Tennessee lost at Baylor. Baylor lost at Connecticut. Connecticut lost at Stanford. Stanford lost at Tennessee. A vicious cycle of road troubles, and these are the nation's best teams.

In a season in which winning away from home has proved to be especially difficult -- Stanford lost by 22 at DePaul and then the Blue Demons, just five days later, lost by 13 at Arizona State, a team that the Cardinal would then beat by 47 at home -- scoring some occasional success on the road will prove to be a difference maker in seeding or even inclusion in the NCAA tournament. This isn't groundbreaking news, for sure. The tournament committee has used road/neutral records as one of its chief criterion for years. And why not? There is no better measuring stick for a team's abilities come March because, at least after the first two rounds, that's exactly what the tournament is. And for most, the opening rounds are, at best, neutral site games.

The difficulty of getting some of these victories in the regular season seems to be what makes this season different. Teams that put together even just a couple of quality road wins are going to have a happier Selection Monday than those that don't. In many cases, the slimmest of differences between similar résumés will be a road victory or two.

That's exactly how it played out in this version of Bracketology.

Let's start right on the bubble. The last team in was LSU. The first team out was Dayton. They've each had similar seasons to this point. The Flyers have one "bad loss" to Illinois-Chicago, but the Lady Tigers' schedule hasn't been quite as good. So what's the difference between LSU's inclusion and Dayton's waiting for the first installment of WNIT Bracketology? They each have one good road victory: LSU won at UCLA; Dayton topped BC in Chestnut Hill. That's a nice win for the Flyers. LSU is better, though. Thus, the Lady Tigers in and the Flyers out. The margin is that small. At least it is now, and it could very well be that slim come mid-March.

Just as winning on the road is key, taking care of the home base counts, too. Home losses hurt, perhaps not quite as much as road victories help, but it's still best to, as they used to so flippantly chant in those Under Armor commercials, "protect this house."

This example comes from near the top of the S-curve. The final two No. 2 seeds came down to three teams: Xavier, West Virginia and UCLA. At this stage of the season, throw a blanket over all three and they appear fairly equal. For this bracket, Xavier is separated slightly by a more difficult schedule and more victories against tournament-type teams -- clubs either in the field or under strong consideration for it. That leaves the Mountaineers and Bruins each with just one loss. UCLA has the best road win, while West Virginia captured two solid neutral-site victories at the Paradise Jam. The nod goes to West Virginia because UCLA's loss (versus LSU) came at home to an inferior opponent, while the Mountaineers' loss (Marquette) came on the road.

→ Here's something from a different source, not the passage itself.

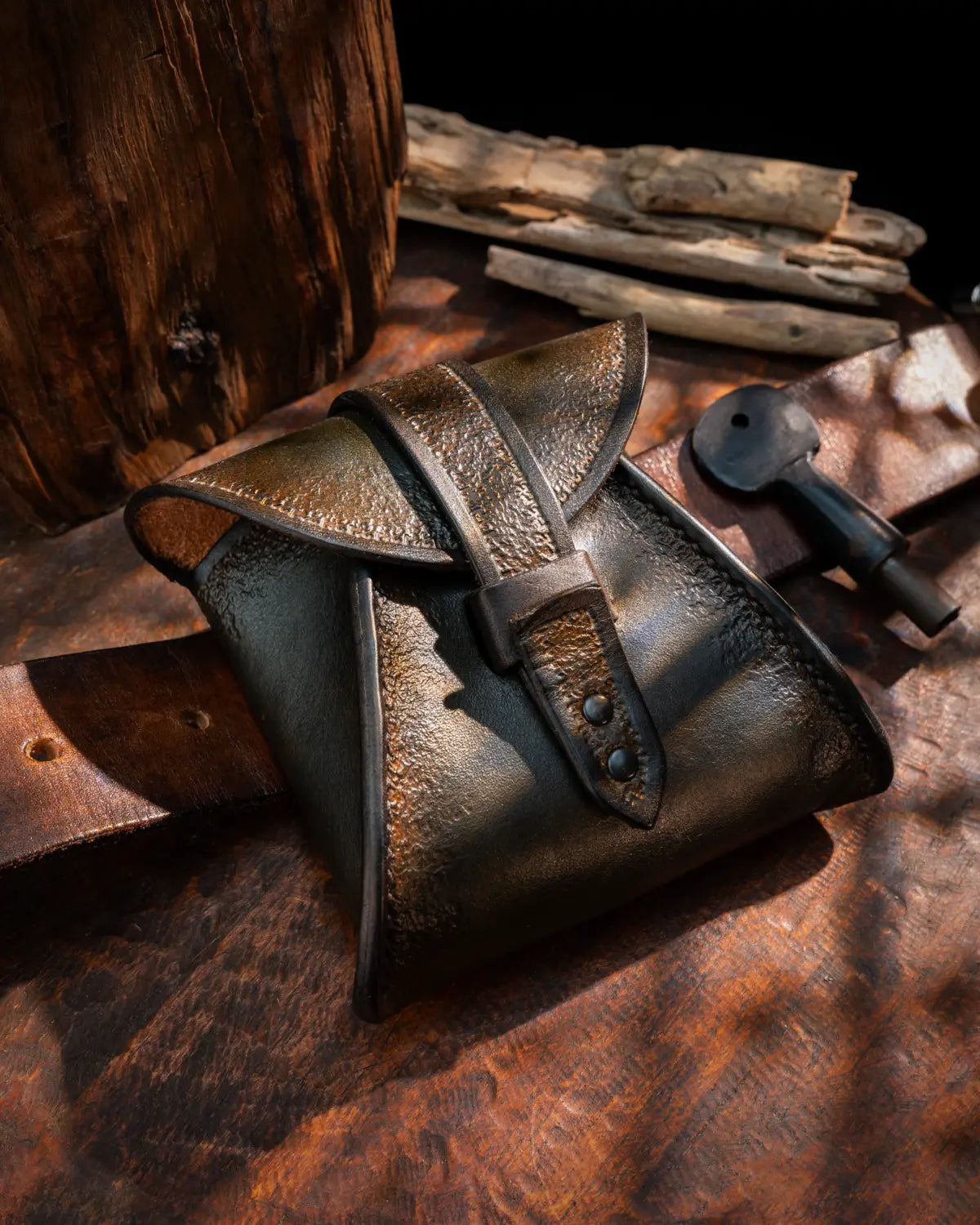 Olive green hand-tooled mens leather pouch with brown accents built for bushcraft and outdoor carry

But before the Bruins fill Pauley Pavilion for a pep rally crucifying this idea, take a good, hard look: West Virginia's reward as the No. 2 is a potential second-round game against Penn State in Happy Valley, while the Bruins are living la vida neutral in Salt Lake.

Road success has almost everything to do with Georgia's ascent and the reason for No. 6 seed Ohio State's tumble (the Buckeyes actually came in at 28 on the S-curve, but had to be moved one seed line per allowed bracketing procedures to account for their status as a host school).

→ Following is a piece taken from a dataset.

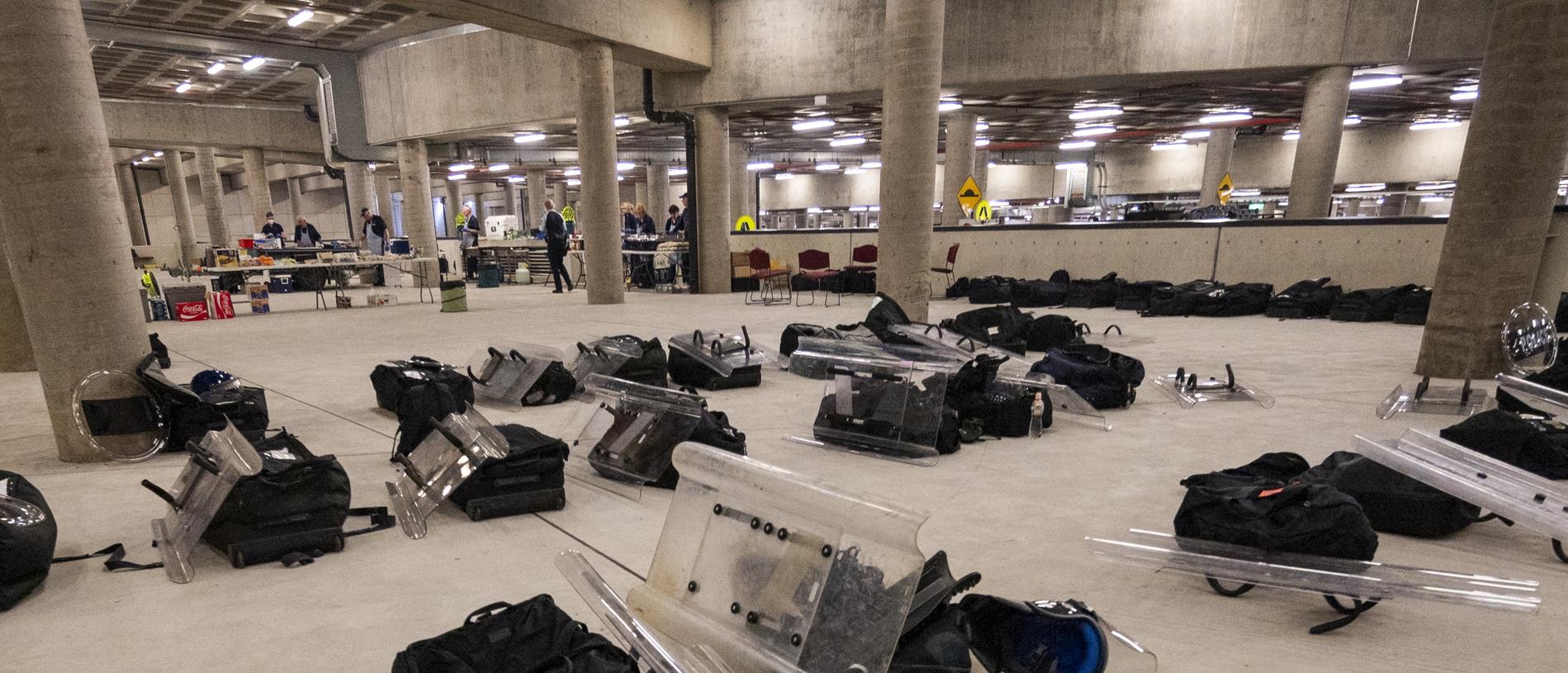 AFP set up underneath Parliament House while demonstrators against Covid-19 mandates protest above. Picture: NCA NewsWire/Martin Ollman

Although the Huskies lost at Stanford, part of what makes UConn so great was perfectly illustrated in its ability to get victories at Notre Dame and North Carolina in the last 10 days.

The road is exactly why the jury is still out to some degree on the likes of Maryland, Miami and Texas Tech. We just haven't seen enough games in uncomfortable environments to absolutely know what these teams are. Even Notre Dame, which has gone on the road but largely fallen short, has something to prove in conference play. Fortunately, the Big East, ACC and Big 12 generally take care of that for us.

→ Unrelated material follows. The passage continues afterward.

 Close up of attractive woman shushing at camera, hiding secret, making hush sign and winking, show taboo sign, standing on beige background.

Nothing is more difficult in college basketball than winning on the road -- and this season nothing might be more important.

Remember, rankings don't matter

Every season, this question or a facsimile thereof arises about rankings: "How can you have Team X seeded No. 8 if it is 20th in the polls? Doesn't that make it a No. 5 seed?"

And every year, the answer is the same. So before we get too deep into Bracketology this season, and instead of answering this topic as a one-off in a chat or e-mail, let's just do it right here.

The easy answer is that the polls -- from both the coaches and writers -- are not used by the committee (and thus, not by me, either) as part of the criteria in determining inclusion or placement in the field. Sure, the committee members look at the rankings. We'd be naïve if we thought otherwise. But they are not part of the official process.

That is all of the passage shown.